2012.07.13 07:00 twitter

kenichiromogi 茂木健一郎
あか(5)ベルイマンの『処女の泉』は文芸大作なのに、題名で勘違いして、よからぬ期待をして入ってきたのが、全然違うので、つまらねえ、と出ていってしまったおっさんたち。道理で、どう見ても名画座に来る観客とは違うとは思っていたが、まさに「ああ、勘違い」の一幕だったのだ。
2012.07.13 07:01 twitt

kenichiromogi 茂木健一郎
あか(6)題名だけで、こんな感じなのか、と思っていて、実際には違うということはある。ツルゲーネフの『初恋』は、想像していたようなソーダ味ではなく悲惨な話だったし、それを言うならトルストイの『アンナ・カレーニナ』も。そもそもタイトルを、『アンナ・カレニーナ』と長らく勘違いしていた。
2012.07.13 07:04 twitter

あか(7)勘違いと言えば、いちばんの勘違いは庄司薫の名作『赤頭巾ちゃん気をつけて』であろう。読むまで、赤頭巾ちゃん=女の子が、悪いオオカミさんに狙われて、キケンな思いをするちょっといやらしい小説とばかり思っていた。実際に読んでみたら、感動の青春小説であった。
2012.07.13 07:06 twitter

あか(8)タイトルの『赤頭巾ちゃん気をつけて』も、ある素敵な場面に由来しているのだが、これ以上書くとネタバレになるので、まだの方は是非読んでください。同じように『ライ麦畑でつかまえて』も、読むまで、ライ麦畑で男の子と女の子が捕まえごっこをするのだと、勘違いしていた。
2012.07.13 07:08 twitter

あか(9)「ああ、勘違い」の不思議なところは、実際に作品を読んで、その実体を知った後も、何とはなしにその前のイメージの残像があるということである。
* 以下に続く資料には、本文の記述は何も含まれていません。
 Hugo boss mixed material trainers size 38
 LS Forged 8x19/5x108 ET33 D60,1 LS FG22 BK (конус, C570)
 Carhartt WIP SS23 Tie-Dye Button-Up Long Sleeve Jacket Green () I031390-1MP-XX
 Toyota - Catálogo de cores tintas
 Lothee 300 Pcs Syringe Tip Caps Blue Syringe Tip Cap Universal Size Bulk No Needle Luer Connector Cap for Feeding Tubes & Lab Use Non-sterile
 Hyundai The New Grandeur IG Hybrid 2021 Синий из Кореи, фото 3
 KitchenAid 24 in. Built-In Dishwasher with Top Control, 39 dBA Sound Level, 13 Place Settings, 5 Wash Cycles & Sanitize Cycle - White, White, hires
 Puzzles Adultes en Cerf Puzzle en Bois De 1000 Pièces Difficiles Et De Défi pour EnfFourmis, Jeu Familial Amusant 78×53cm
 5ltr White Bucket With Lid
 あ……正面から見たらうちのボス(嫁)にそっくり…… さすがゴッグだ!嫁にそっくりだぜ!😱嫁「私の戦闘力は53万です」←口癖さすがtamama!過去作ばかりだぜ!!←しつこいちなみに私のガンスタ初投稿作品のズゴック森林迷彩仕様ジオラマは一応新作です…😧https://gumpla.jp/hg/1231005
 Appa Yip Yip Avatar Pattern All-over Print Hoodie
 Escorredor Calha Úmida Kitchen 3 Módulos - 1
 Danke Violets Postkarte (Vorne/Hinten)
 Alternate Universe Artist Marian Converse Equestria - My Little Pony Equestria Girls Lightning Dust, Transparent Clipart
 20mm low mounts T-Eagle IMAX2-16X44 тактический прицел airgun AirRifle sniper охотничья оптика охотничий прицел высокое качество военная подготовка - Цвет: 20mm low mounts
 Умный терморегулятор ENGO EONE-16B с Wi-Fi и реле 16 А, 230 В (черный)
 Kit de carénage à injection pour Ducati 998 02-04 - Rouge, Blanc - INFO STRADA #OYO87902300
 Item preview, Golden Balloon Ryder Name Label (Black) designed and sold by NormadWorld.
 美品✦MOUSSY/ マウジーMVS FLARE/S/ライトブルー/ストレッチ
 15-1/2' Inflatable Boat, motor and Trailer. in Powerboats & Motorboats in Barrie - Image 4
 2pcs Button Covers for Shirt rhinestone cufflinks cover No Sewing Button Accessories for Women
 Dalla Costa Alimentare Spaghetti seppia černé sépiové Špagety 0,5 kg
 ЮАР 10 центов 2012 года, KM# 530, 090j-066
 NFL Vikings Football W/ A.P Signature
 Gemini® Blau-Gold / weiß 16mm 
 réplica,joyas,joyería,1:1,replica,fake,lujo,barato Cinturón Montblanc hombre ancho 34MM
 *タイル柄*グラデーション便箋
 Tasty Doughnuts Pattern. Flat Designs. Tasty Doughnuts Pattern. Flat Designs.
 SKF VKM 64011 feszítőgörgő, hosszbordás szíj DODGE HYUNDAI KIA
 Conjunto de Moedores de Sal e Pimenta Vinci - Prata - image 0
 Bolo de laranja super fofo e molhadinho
あの日、池袋の文芸座でベルイマンの『処女の泉』を途中で出ていってしまったおっさんたちの脳には、一体どのような残像があるのであろうか。
2012.07.13 07:09 twitter

みなさんも、恥ずかしい勘違いはありませんか? あったら、告白してみませんか? 以上、連続ツイート第654回「ああ、勘違い」でした。
2012.07.13 07:10 twitter

(以上引用)





ぼくがベルイマンやタルコフスキーの映画に感じる感情は、”圧倒的な懐かしさ”である。

ある時代の、ある映画館の暗闇の。

懐かしいものとは、失われたものである。




*注記;

ぼくはベルイマンの映画を’みんな’見たわけではない。

ぼくが見ることができたなかで、いちばん好きなのは、「野いちご」です。